The CEO of Electronic Arts, Andrew Wilson, recently gave an outline to company employees stating why he believes it would be beneficial for the organization to end its relationship with FIFA. In a statement that was made internally to staff during a company meeting back in November of 2021, Wilson said that the FIFA license has been “an impediment” to the company’s ambition for the soccer video game series.
According to comments that were anonymously provided to Video Games Chronicle, Wilson said FIFA had made it nearly impossible for EA to expand its game modes beyond the traditional 11-vs-11 format. These sources also explained that Wilson suggested EA only got value from the game during non-World Cup years because FIFA is just “four letters on the front of the box”.
“I’m going to be more open… more open than I’ve been with the outside world,” Wilson said when asked why EA was considering breaking up with FIFA. “We’ve had a great relationship with FIFA over the past 30-odd years.
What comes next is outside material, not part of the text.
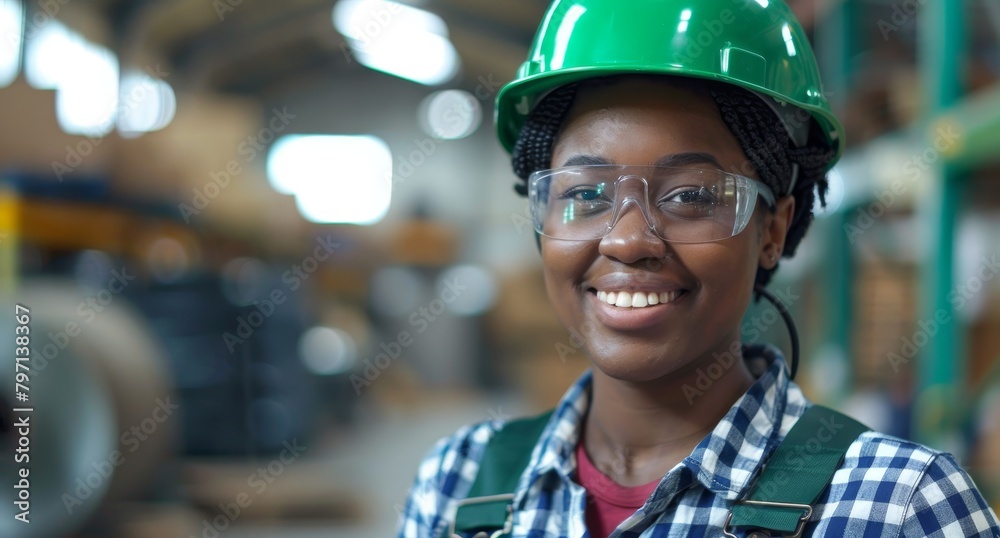 Confident female engineer smiling in industrial setting Confident female engineer smiling in industrial setting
We’ve created billions in value… it’s just huge. We’ve created one of the biggest entertainment properties on the planet. I would argue – and this may be a little biased – that the FIFA brand has more meaning as a video game than it does a governing body of soccer. We don’t take that for granted and we try not to be arrogant. We’ve worked really hard to try and make FIFA understand what we need for the future. Our players are telling us they want us to move really quick: ‘we want you guys doing stuff fast’. And in order to do that, we need a level of freedom to be truly creative, innovative and experiment in the marketplace. Because of the nature of the approval timetables and the various things around our FIFA license, that’s actually been really hard and we’re moving much slower than we want.”
Despite the franchise’s global success, EA said it has considered rebranding the video game series. In an October 2021 statement, EA did say it could cut ties with FIFA and rename the franchise. However, the organization would be able to retain all of its other league, player, and stadium rights because those came from agreements outside of the soccer governing body. Shortly after this announcement, EA Sports filed a licensing trademark for EA Sports FC in the U.K. and Europe.
The Profit‘s Take:
This was pretty fire from Andrew Wilson. I wonder what was the straw that broke the camel’s back in this relationship. The article specifically said FIFA is stopping EA from doing what they want with the game, causing them to hold back features etc. I get why they would want to sever this relationship if they are being held hostage for more money. If this was called EA Sports Soccer instead, it would be interesting to see how many copies this game would sell if it were the same experience.